Back to the task at hand, the next areas are 17 & 18, both of which are in the same room, which also includes a pit. My stocking roll for 17 indicated an empty room, and my stocking roll for 18 indicated a trap with (hidden) treasure and, well, there is already a pit there, so I stuck the treasure in a niche that can only bee seen from inside the trapdoor pit with the doors closed, or outside the pit by looking through the crack beside the hinges when the door is open.
This makes 14, 15, and 17-18 a bit of a cluster of traps. Moreover, 17-18 in particular isn't very interesting, and unlike 14 & 15 they don't guard a treasure room, like there is no reason they would be there. Looking for inspiration, I rolled on the table for former uses of the space, and came up with "observatory". I searched a bit online for an observatory battle map, and drew a blank (google is increasingly useless). I did a search of my map archive (which is probably where I should have started), and came up with an observatory that fit nicely in the southern part of the room. I have no idea where I lifted that map from.

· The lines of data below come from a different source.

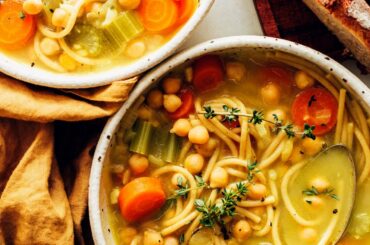 1-Pot Chickpea Noodle Soup (Vegan, GF) | Minimalist Baker Recipes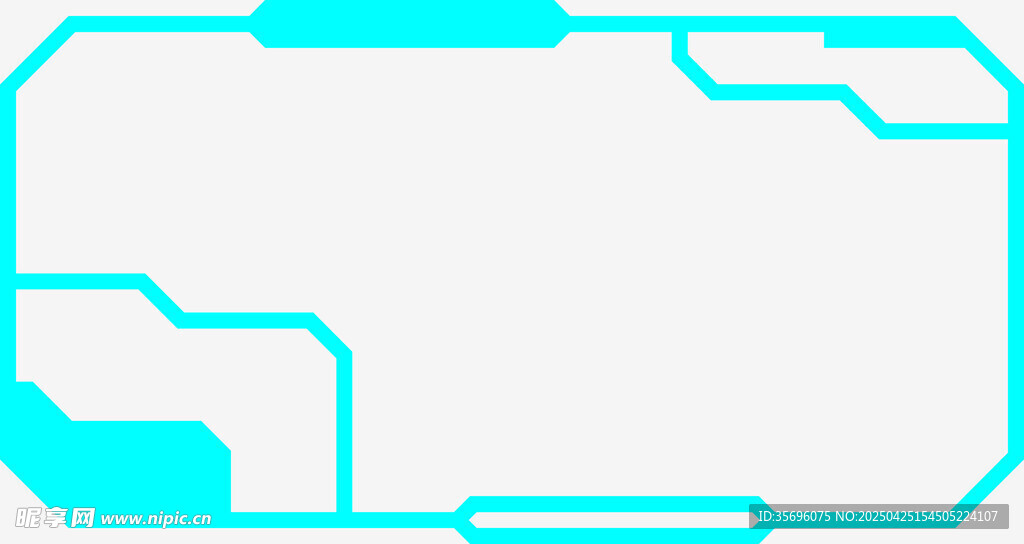 科技风蓝色边框背景图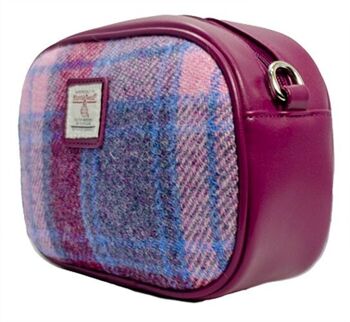 Sac pour appareil photo rose pastel Harris Tweed 3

So I put the observatory map in the southern part of the room, effectively creating two rooms, the north being 17 and the south (observatory) being 18. I moved the pit to be in front of the stairs to the observatory, and added a winch (to retract the observatory doors) and a control panel (which, among other things, locks/unlocks the pit doors) to area 17. I'm now stocking the mostly picked-over observatory with a handful of valuable books (written in Old Sarlonan, which none of the PCs are likely to know), a few ritual/spell books dealing with divination (written in draconic, which some party members are likely to know), and a few potions that haven't evaporated (and some that have decayed and are now toxic). Here is the DM map:
The observatory doors are covered in soil and inoperable unless someone wants to clear it. This meant the observatory is closer to the surface than other parts of the dungeon, so I added a few stairways in the corridors leading to this area.
I now have a backstory for this monastery. It is pre-Galifaran (meaning it is more than 1,000 years old), built by a sect of monks and clerics who were the predecessors to the modern "Restful Watch" sect of the dominant religion in the area, known as the Sovereign Host. The Restful Watch reveres Aureon, the Sovereign god of law and knowledge, but also one of the outcast and presumably evil gods, The Keeper, who is the god of greed, death, and undeath. Despite being heretical in theory, the Restful Watch is accepted in most areas, and commonly used to perform funeral rites which prevent the departed from rising as undead. They frequently have their temples in or near graveyards, and have assumed the task of protecting communities from the undead that often arise in such places.
The southern part of the dungeon is built on a manifest zone, where the walls are thin between the material world and the plane of Mabar, the Endless Night. Undead tends to rise spontaneously here, and wraiths and shadows often cross over from Mabar in order to prey on the living. The monks built the abbey here in order to create and maintain seals that reduce Mabar's influence. However, in the centuries since the abbey was abandoned, the seals have weakened. Cultists of the Radiant Idol have set up a base in the southern part of the dungeon, because it is easier to animate zombies and skeletons here, where Mabar's influence is strong.